Back in January I wrote a post about the public beta availability of AmgX, a linear solver library for large-scale industrial applications. Since then, AmgX has grown up! Now we can solve problems that were impossible for us before, due to the addition of “classical” Algebraic Multi-Grid (often called Ruge-Stueben AMG). V1.0 comes complete with classical AMG multi-GPU support, greatly improved scalability, and we have some nice performance numbers to back it up.

## Models of Flow

One specific class of problem has eluded us, until now. In the oil and gas industry, reservoir simulation is used to predict the behavior of wells producing from large hydrocarbon deposits, and more recently from shale gas or shale oil fields. These problems are models of flow through porous media, coupled with flow through networks of fractures, piping and processing equipment, but it is the media that makes all the difference. Oil and gas deposits aren’t like big caves with lakes of oil, they are more like complex, many-layered sponges, each with different pore sizes, stiffness and hydrocarbon content.

The flow is dominated by the interaction of pressure forces with the local and global characteristics of the media, and worst of all, we really don’t even know the exact configuration. There is no way to measure the properties of the rocks except by drilling cores, and bringing samples back to the surface. This sampling process gives some isolated data points on huge expanses of rock, and we have to interpolate or guess as to what lies between those ‘good’ data points by interpreting seismic data.

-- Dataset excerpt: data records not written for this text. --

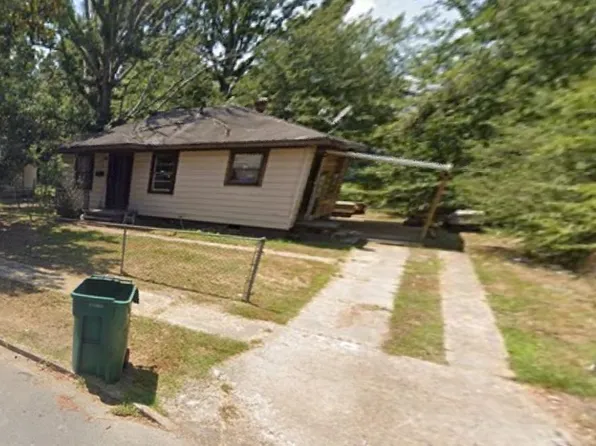 (undisclosed Address), White Hall, AR 71602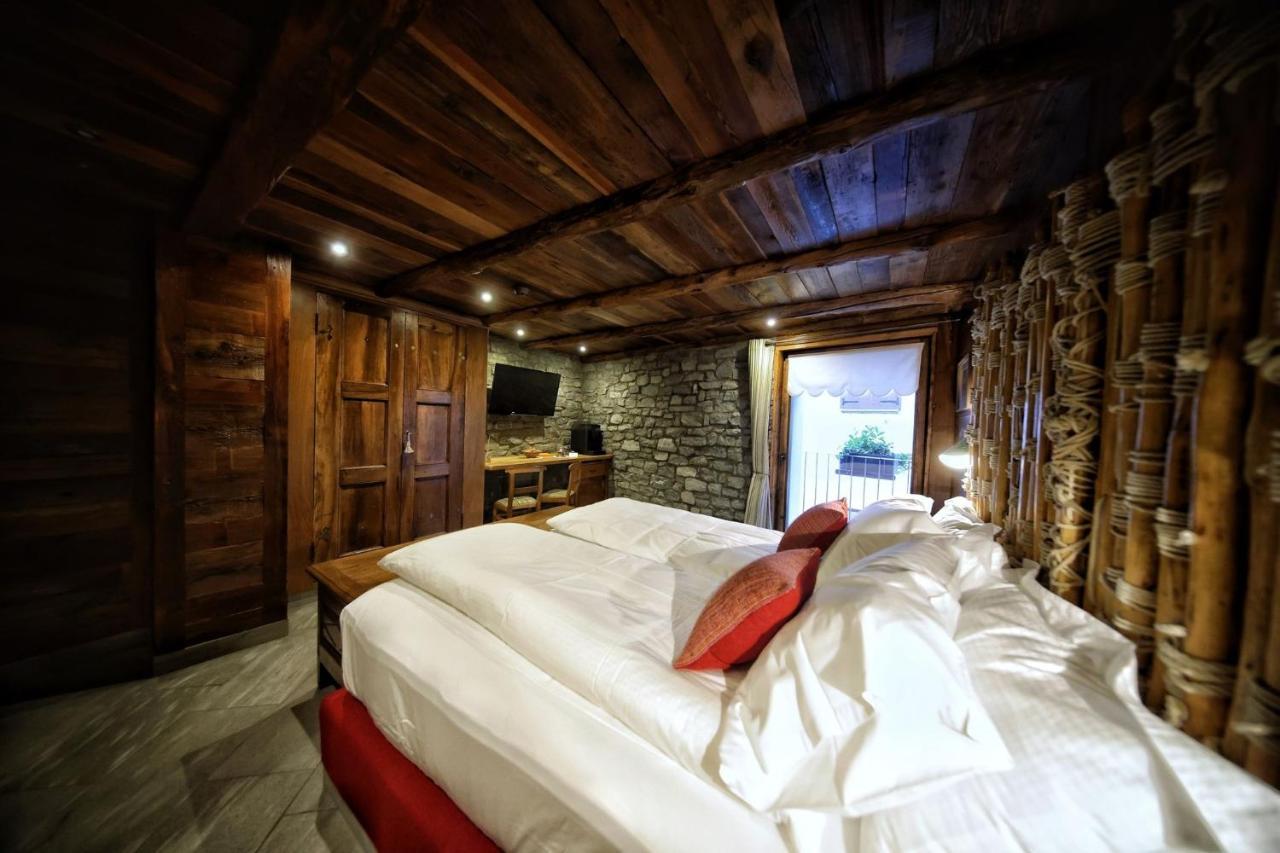 Cafe Quinson Relais De Charme Hotel Morgex Exterior foto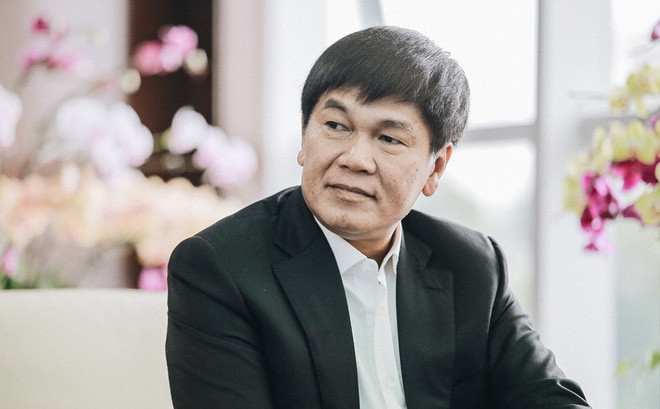Những người quen với ông Long nói rằng, ông là một người giản dị một cách xù xì, từ cách ăn mặc, thể hiện cảm xúc đến cuộc sống ngoài công việc. Ảnh: Internet.
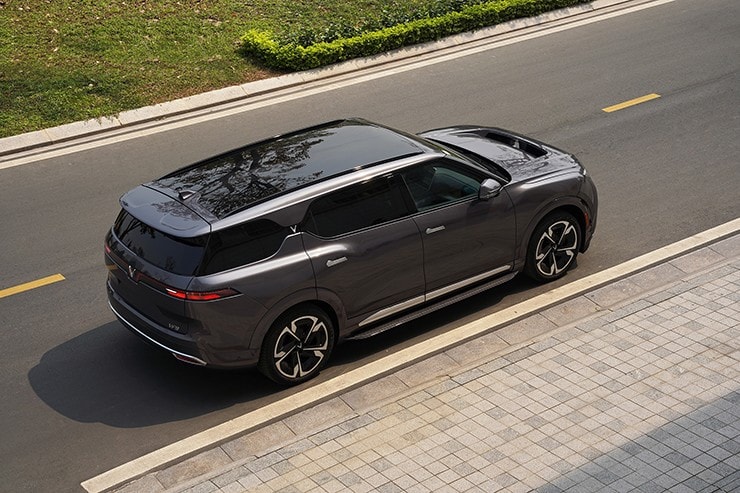 Phần đuôi xe VinFast VF 9 với dải đèn LED chữ V đặc trưng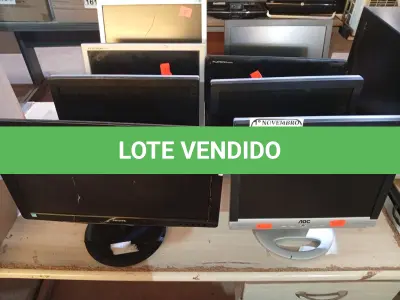 LOTE 234 - 08 MONITORES LCD MARCAS E MODELOS DIVERSOS P/RETIRADA DE PEÇAS. (NO ESTADO) ATENÇÃO! FAZER A VISITAÇÃO ANTES DE ARREMATAR, NÃO SABEMOS SE FUNCIONA. LEILÃO NÃO TEM GARANTIA E NEM DEVOLUÇÃO, SUJEITO A POSSÍVEIS AVARIAS VISÍVEIS/OCULTAS E/OU AUSÊNCIA DE COMPONENTES.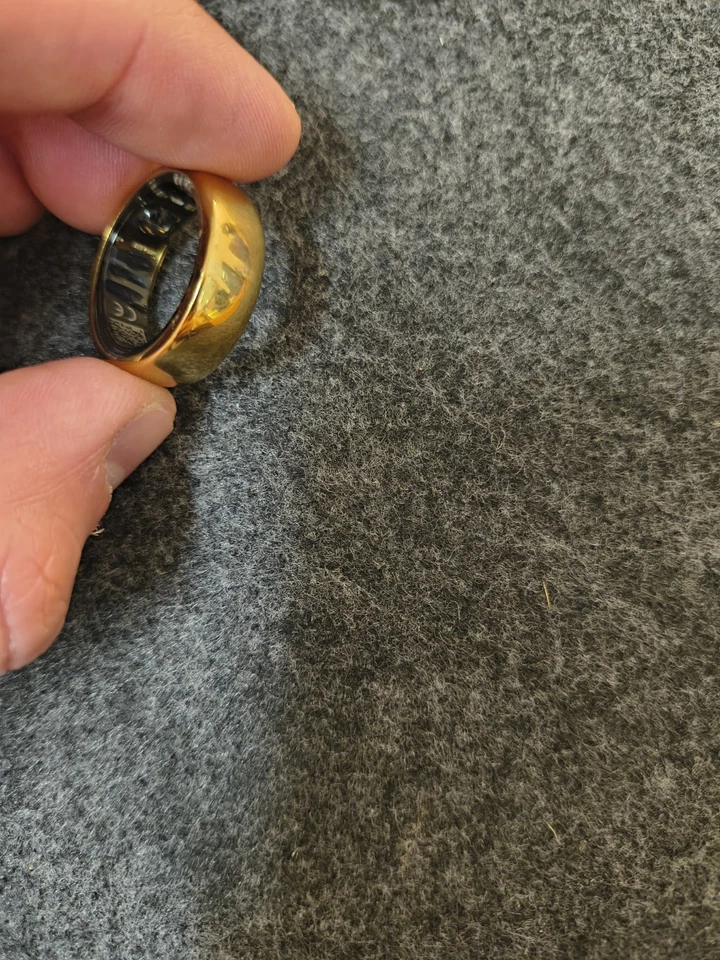 Oura Ring Gen3 Horizon Ring - Stealth, Size 8/9, No Charger - Image 2 of 4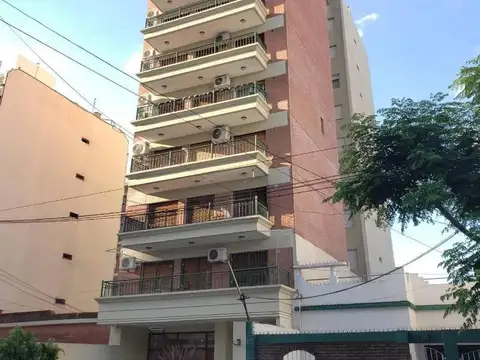 Único penthouse 4 amb, solo para exigentes, con cochera y ba
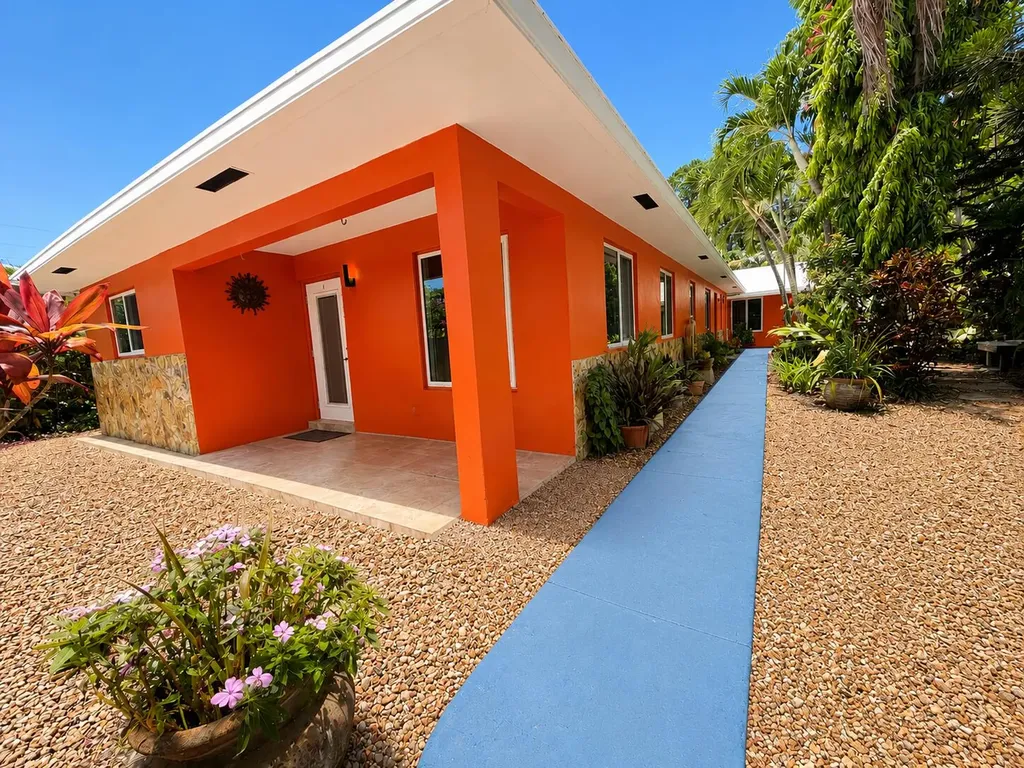 736 - 738 NE 36th Street Oakland Park FL 33334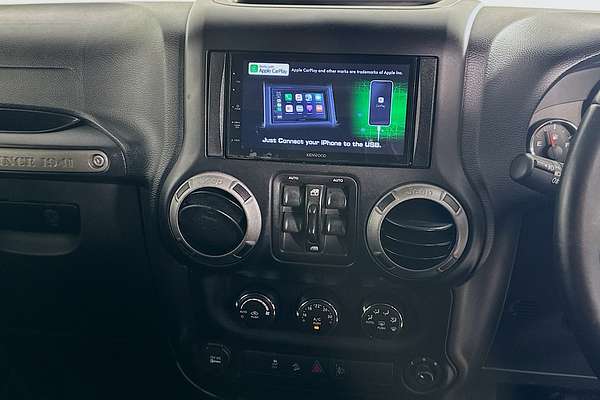 2016 Jeep WRANGLER UNLIMITED SPORT (4x4) JK MY16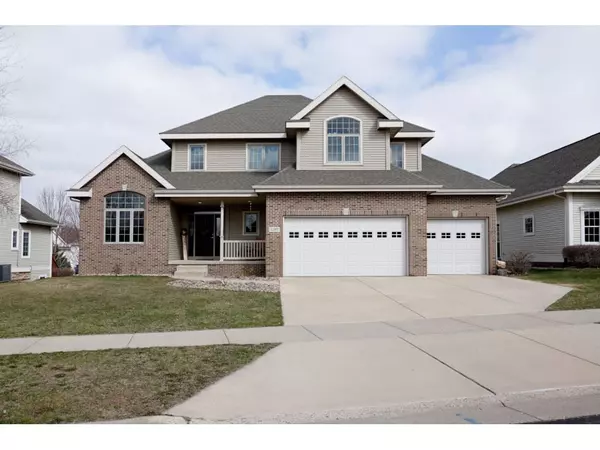 1207 Dartmouth Dr, Waunakee, WI 53597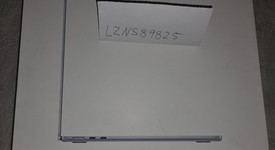 New
													MacBook Air 2025 (M4) - 13" - Apple M4, Sky Blue, 256 GB, 16 GB, photo 3 of 4
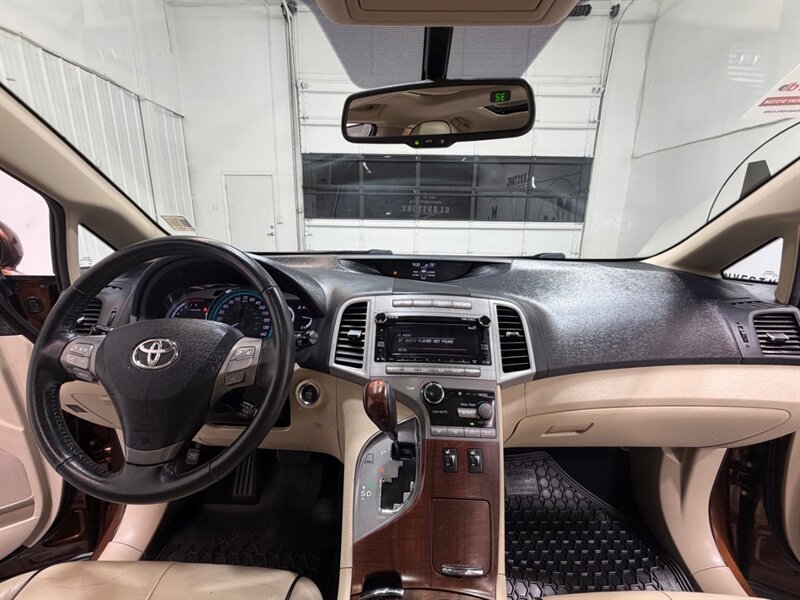 2011 Toyota Venza AWD 4cyl / Leather /Backup Cam /Panoramic Sunroof /Heated Leather Seats /All Wheel Drive - Photo 38 - Gladstone, OR 97027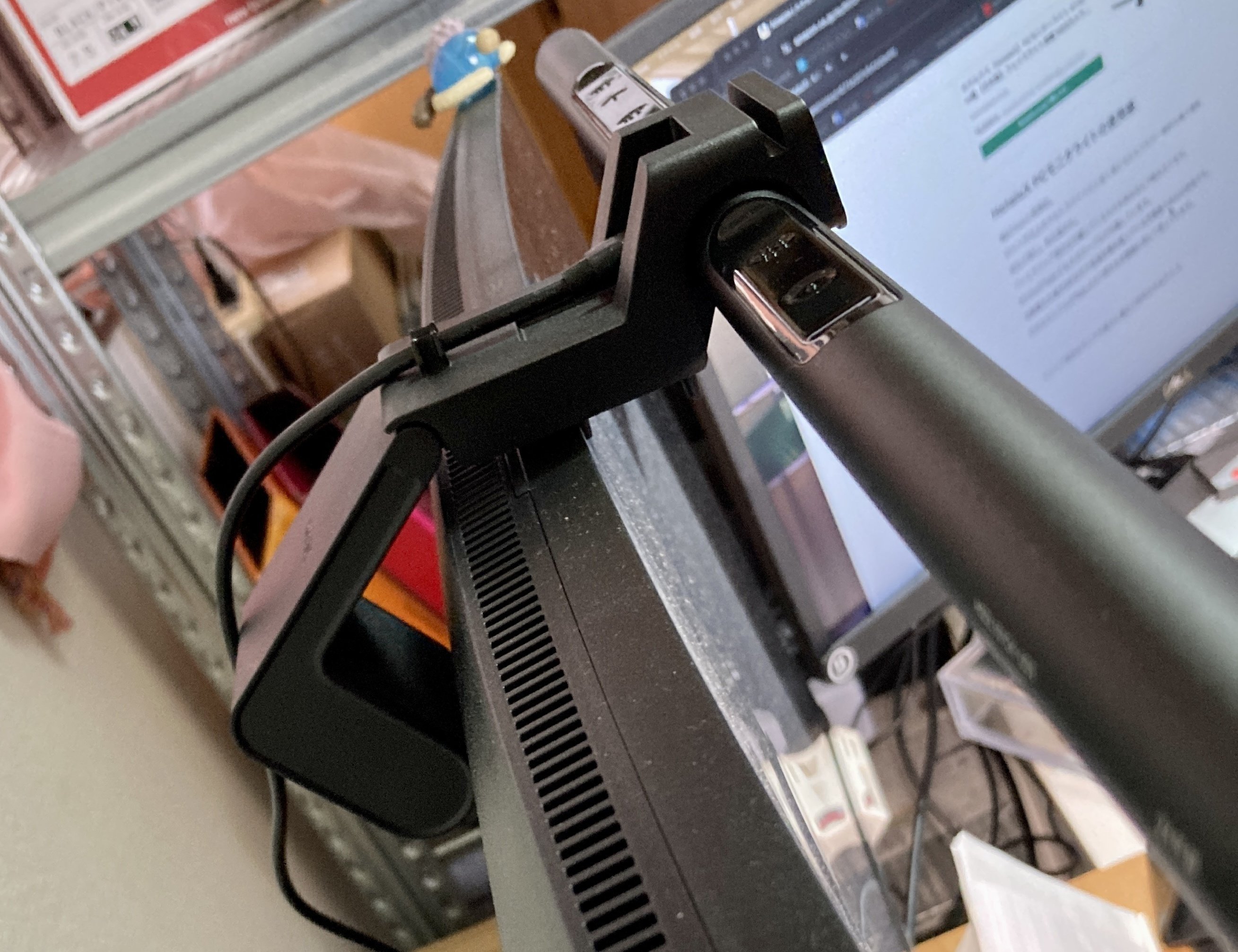 モニターライト（HotaluX）を使ったらWeb会議も快適になった｜もっちん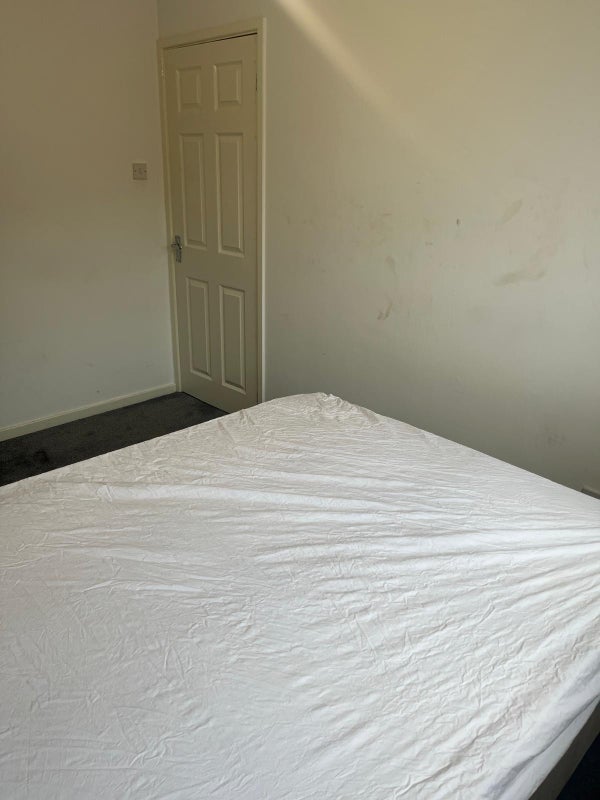 Room Grove Street in Heywood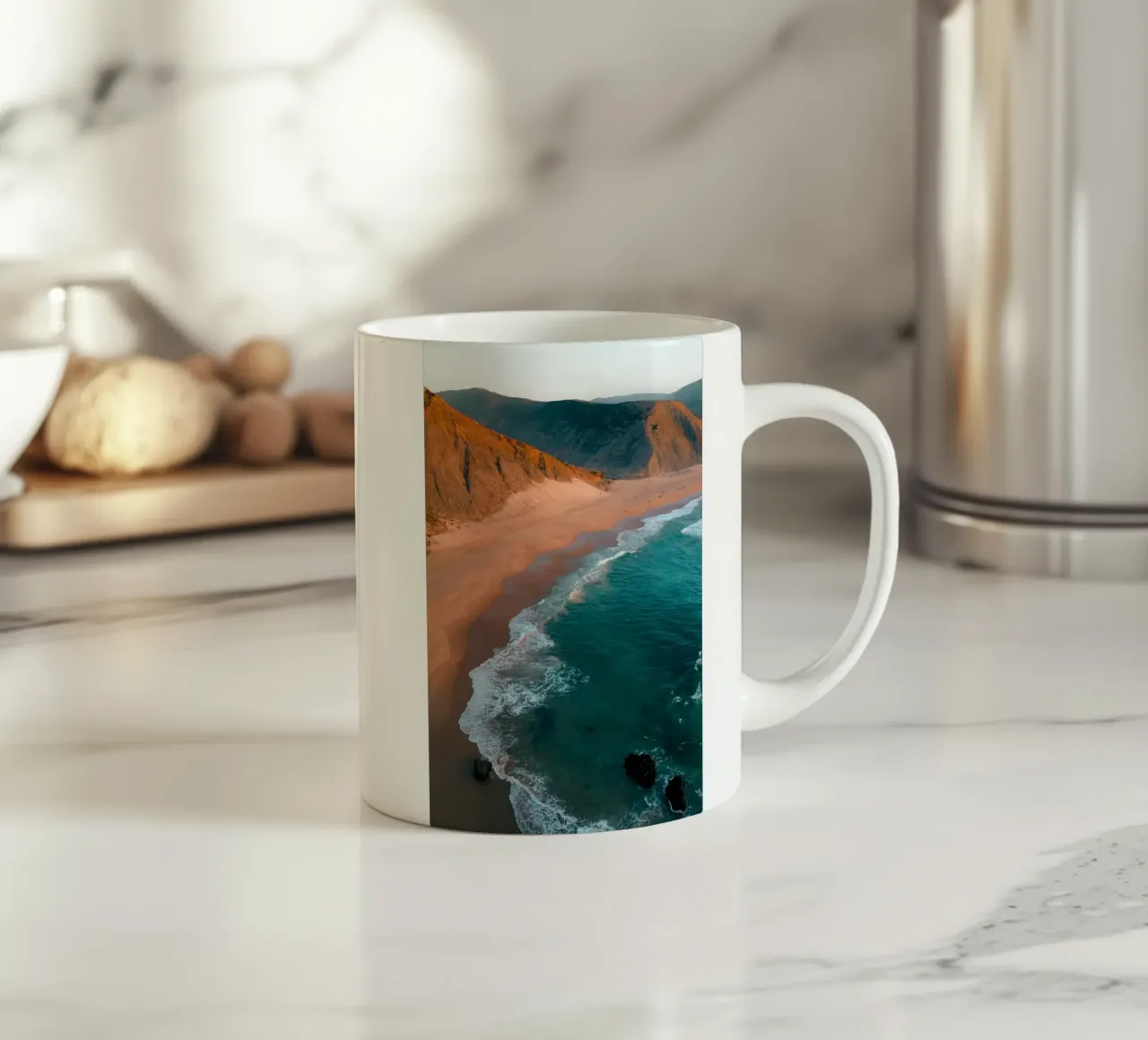 Wild and Silent: Praia do Castelejo, Portugal tazza in ceramica da Thilo Grøsch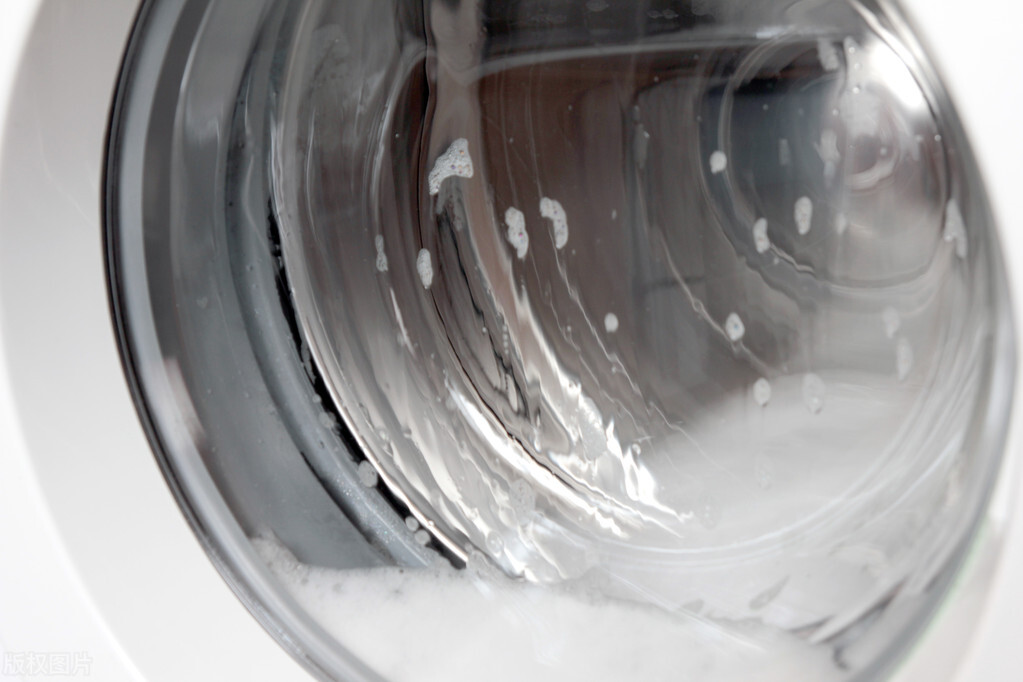 西门子洗衣机排水口堵了示意图,滚筒洗衣机排水口堵塞疏通方法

Detailed models are built with great care to honor the data we do have, and they quickly generate large numerical workloads that really test solvers. For mostly historical reasons the models tend to be roughly rectangular in shape, with curved boundaries and highly variable properties, which is rich ground for visualization. For years NVIDIA has been involved in producing great images of reservoirs. Now we can be involved in solving these numerical models as well. That makes me happy.

## SPE10 Benchmark

As in other fields, there is a need for standard benchmarks for reservoir simulations, and the one that has stood out over the years is the Society of Petroleum Engineers 10th comparative simulation model (SPE10 for short). Until recently, AmgX was stumped by SPE10. The aggregation AMG approach just was not strong enough to produce good answers in a reasonable amount of time. All that has changed with our classical AMG efforts. Now we can show some great performance on this challenging benchmark, and start to engage with the reservoir simulation community, hydrology and water resources, and anyone interested in high fidelity geological models and flow through reservoirs.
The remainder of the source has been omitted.